Inasmuch as Algernon always hit the islands ahead of everyone else he generally used up all the available Japs, and that is what brought the complaints against him. I think they were from the Marines. The Marines said they landed on the islands to annihilate Japs and that it was a terrible knock to their corps to land anywhere and find nothing to annihilate. One of the generals tried to make a deal with Algernon to leave just a few Japs for annihilation, but Algernon said no, he wanted them all. Hence the brass hats got busy with Washington.

It seems Washington was sore at Algernon, anyway. It discovered after he left on his mission that he had been courting a Washington young lady and one night he took her to the Washington Monument to press his suit. He inadvertently leaned against the monument and pushed it seven inches out of plumb. Algernon really does not know his own strength.

But the Washington authorities said he had no right to use the monument as a trysting place, and that is why Algernon is in very foreign with them.


Earl Shaub wrote me of Jack Dempsey’s great grandfather, Nathan Dempsey, who lived in the village of Leesburg, Tenn., and is said to have been the pioneer strong man of those parts.

“Why,” Earl says, his eyes bulging with excitement, “he could raise a 500-pound weight above his head or lift a bull over a fence.

“One story is the strongest man in Georgia came along one day looking for him and found old Dempsey riding a mule. The Georgian said: ‘I am the strongest man in Georgia. I have heard about you and came here to lick you.’

“Old Dempsey replied: ‘Just wait until I lift this mule over the fence and I will accommodate you.’ He lifted the mule over the fence and knocked hell out of the stranger, whose name was George Mancleves.

“One old gent of 85 telling of Nathan Dempsey said: ‘Jack was never the man his great-grandpaw was. Why, old Nathan could have turned Jack over his knee and spanked the sparks out of him….’”

I was a little surprised that Shaub deemed the small feats mentioned as worth reporting. It showed that he did not know about my friend Algernon, who as a mere school boy was challenged to fight by a grown man named Searles, who then suddenly became panic-stricken and ran to the union depot and hid in a passenger coach in a train standing on the tracks.
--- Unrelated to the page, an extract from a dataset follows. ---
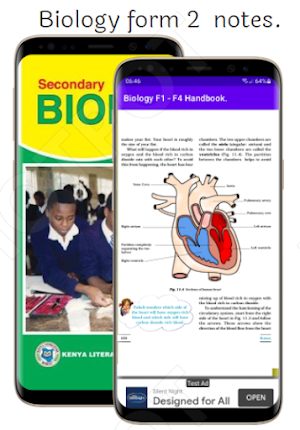 Biology: Handbook f1 - 4 notes Screenshot 1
When Algernon got to the depot no one would tell him which car Searles had entered, so Algy picked up the cars one after another and shook all the passengers out of each until he shook out Searles. By that time Algernon’s vexation had abated so all he did was just throw Searles away.

The other day, while Algernon was sitting on our lawn, he was approached by two characters who identified themselves as Stuporman and Trash Boardman. They seemed to be quite peevish about something and the one who said he was Stuporman remarked to Algernon:

“I am going to give you a shellacking you will remember all your life—if you recover.”

“Yeah,” put in the one who said he was Trash Boardman, “and after my friend Stupe has finished with you I am going to mash what is left of you like a potato bug.”

“Why,” said Algernon, “what is eating youse guys? What have I done to you?”

“That is not the pernt,” said Stuporman. “The pernt is what we are going to do to you.”

“Ah,” said Algernon, “I see you are from Brooklyn.”

“Myrtle Avenner,” said Stuporman.

“What we are going to do to you should not happen to a pussy cat,” declared Trash Boardman.

“Just a minute,” said Algernon, getting to his feet. “Do youse boys mind if I feel your muskels?”

They did not mind, though they intimated it was only delaying disaster so Algernon felt them over very carefully and then he lay down on the grass and commenced to laugh. He laughed with such gusto he embarrassed the callers and they went away.

He laughed so hard that the following day the Los Angeles newspapers reported a slight earthquake in the vicinity of Holmby Hills, yet it was nothing but the action of Algernon’s reflexes. I tell you Algernon is real strong.